I've been seeing my counsellor for a few months and, without giving too much away of the type of therapy, she has been introducing some new techniques during the last few sessions which aim to more bring body awareness. At the start of today's session, she asked if I felt I was becoming more resilient and if anything had shifted since the last session. I responded by saying that nothing had come up which had really tested my resilience but what I wanted to say was that I feel I am more resilient or at least able to cope better. I guess something is shifting and I am starting to be kinder to myself but I am wary that if something comes up then I am not sure if I will cope better if it is really challenging (I was SH up to a few weeks ago).

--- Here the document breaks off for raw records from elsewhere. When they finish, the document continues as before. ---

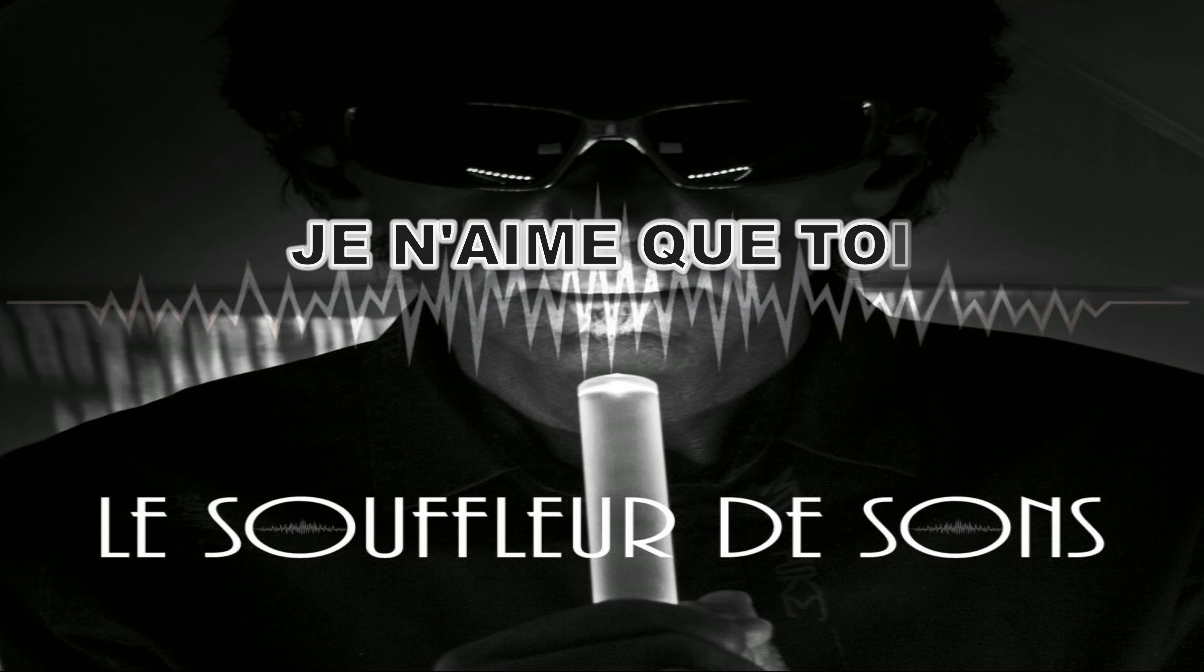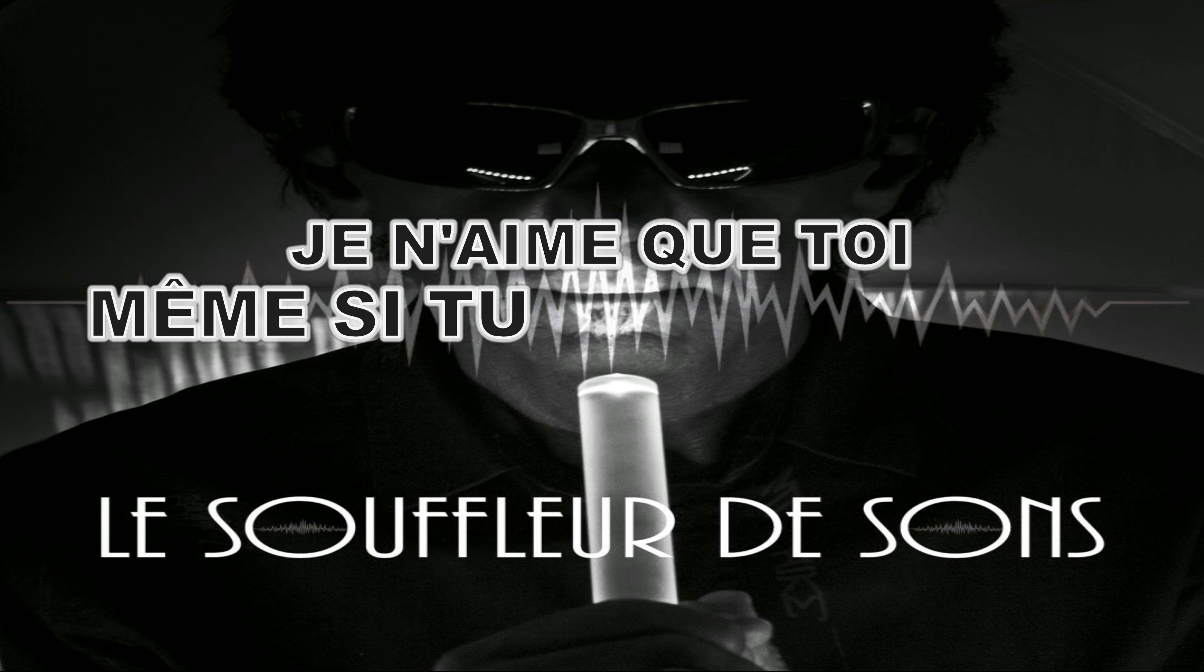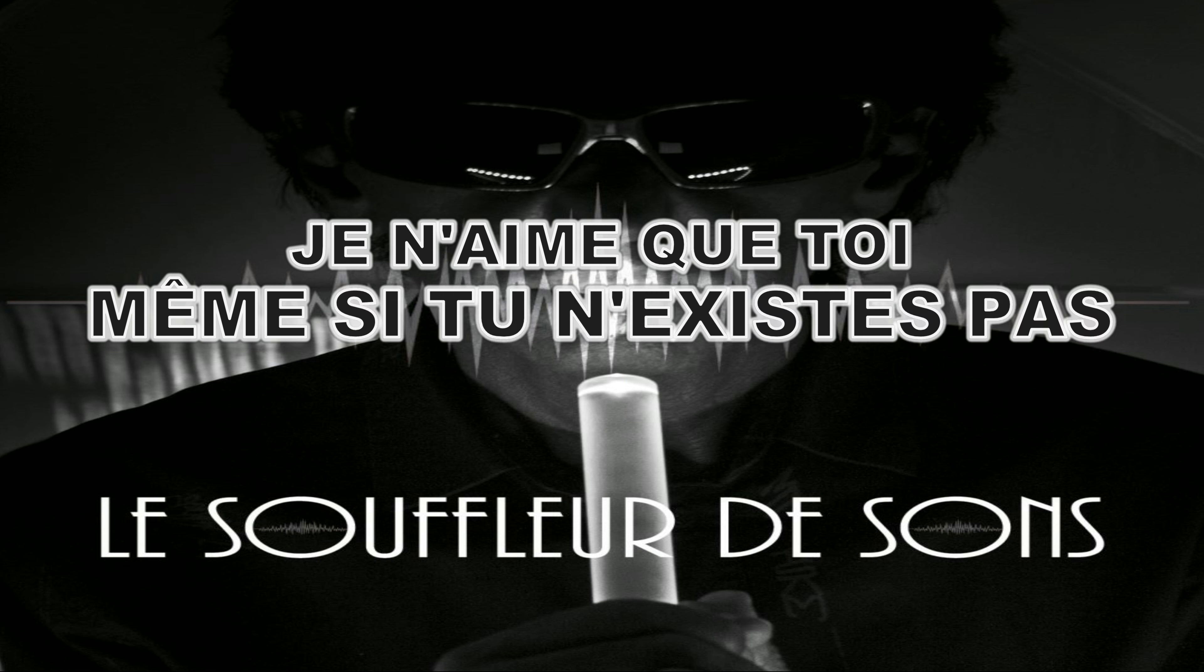Je n'aime que toi, même si tu n'existe pas.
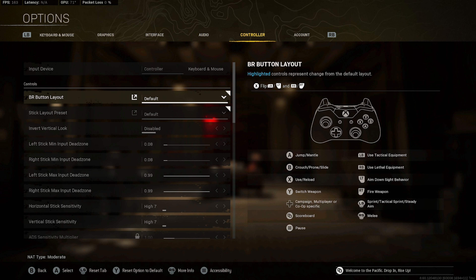That's pretty much it for audio. Let's get into the controller settings. From what I showed you earlier on the controller software, I remapped my buttons so I don't really need to touch my button layouts in-game, so I have those set to default. My left and right stick minimum input dead zones are 0.08, and the max input dead zones are 0.99. My horizontal and vertical stick sensitivities are at seven.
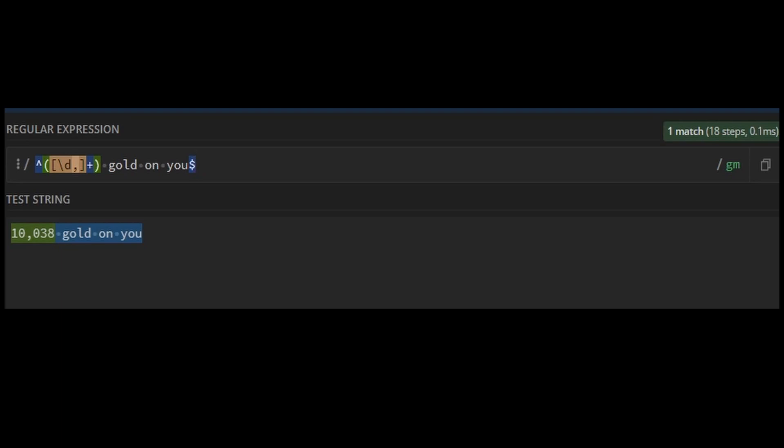In today's video, we went over the basics of regular expressions, what they are, and how to use them, and I shared with you my personal favorite site for creating and testing regular expressions. In future videos, we will use this knowledge to create aliases and triggers in order to have Mudlet help you with the interactions between you and your game.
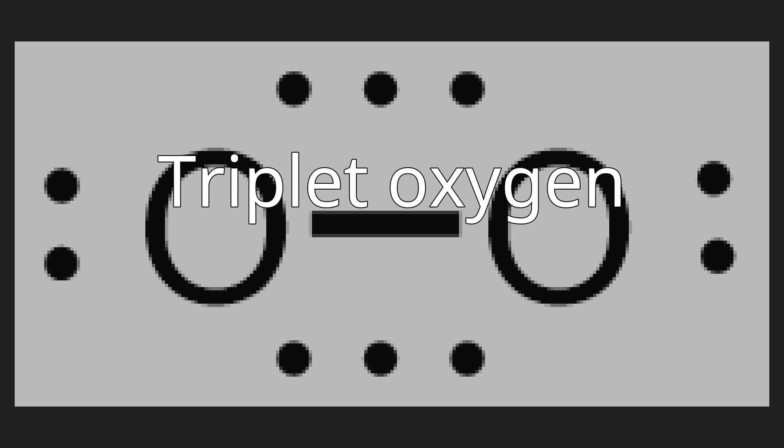Molecules of triplet oxygen contain two unpaired electrons, making triplet oxygen an unusual example of a stable and commonly encountered diradical. It is more stable as a triplet than a singlet. According to molecular orbital theory,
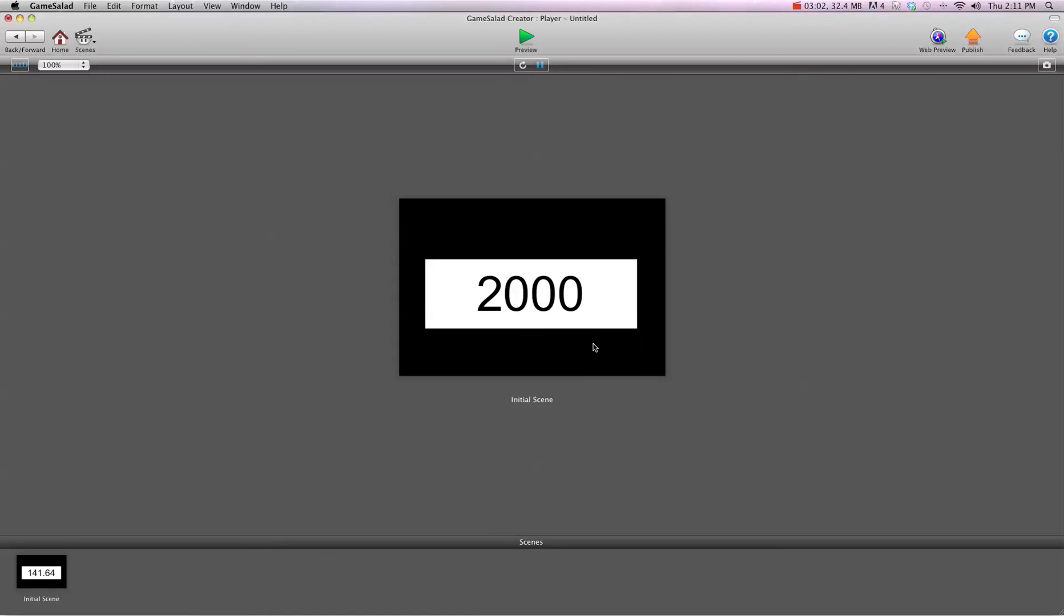So that's all you need to do, and the project file will be available at gshelper.com underneath this video, so you can download and take a look at it. I'll see you again in the next video.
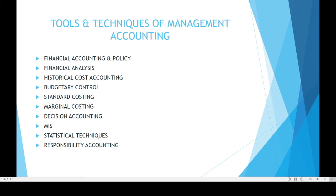Then budgetary control. Budgetary control is one of the important planning techniques. Budget is a financial plan for a particular period of time. It is the probable expenditure and revenue for a particular period of time. It is one of the important tools of management accounting.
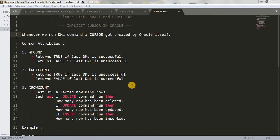Hi friends, welcome back to my channel. In our last tutorial we covered cursor introduction — what a cursor is, how to open it, how to declare it, how to fetch values, and all the definitions. Today we are going to learn about implicit cursor. If you don't know about cursors, I recommend watching that tutorial first — I'll give you the link in the description below.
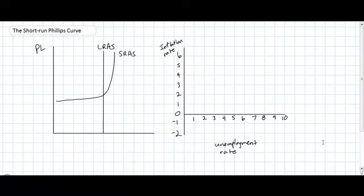Hello, so in today's lesson we're going to be talking about a macroeconomic model known as the Phillips Curve. As we'll see, this is a simple diagram showing the inverse relationship that exists between the inflation rate and the unemployment rate in an economy during the short run.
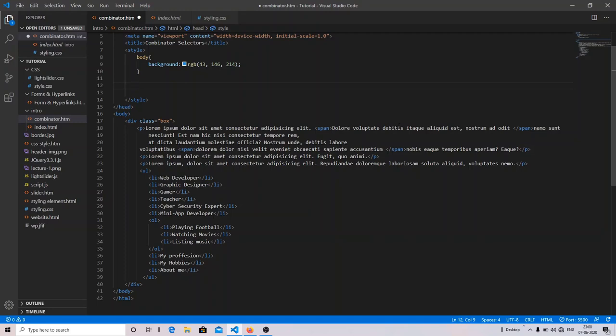The third is the adjacent sibling selector and the fourth is the general sibling selector. We are going to start with the descendant selector. If you already know about simple selectors, it will be easier to learn about combinator selectors.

It is now on my mind that I feel I should drop her an email with feedback to say that I have been using her techniques and that I am more resilient (or at least more able to respond rather than react) however I am only supposed to contact her about cancelling/changing appointments, and there is this part of me that suspects I want to email her from a selfish/people pleasing perspective as I didn't say it during the session, and I am crossing boundaries even it is just phrased as a 'feedback' email.
For context, the rest of the session I spoke about (or around) a topic that I have been unable to discuss until now, so it is was a quite difficult session in a way although it is not hitting me yet. I made her aware at the end of the session that I haven't SH for a few weeks so I guess that was feedback in a way.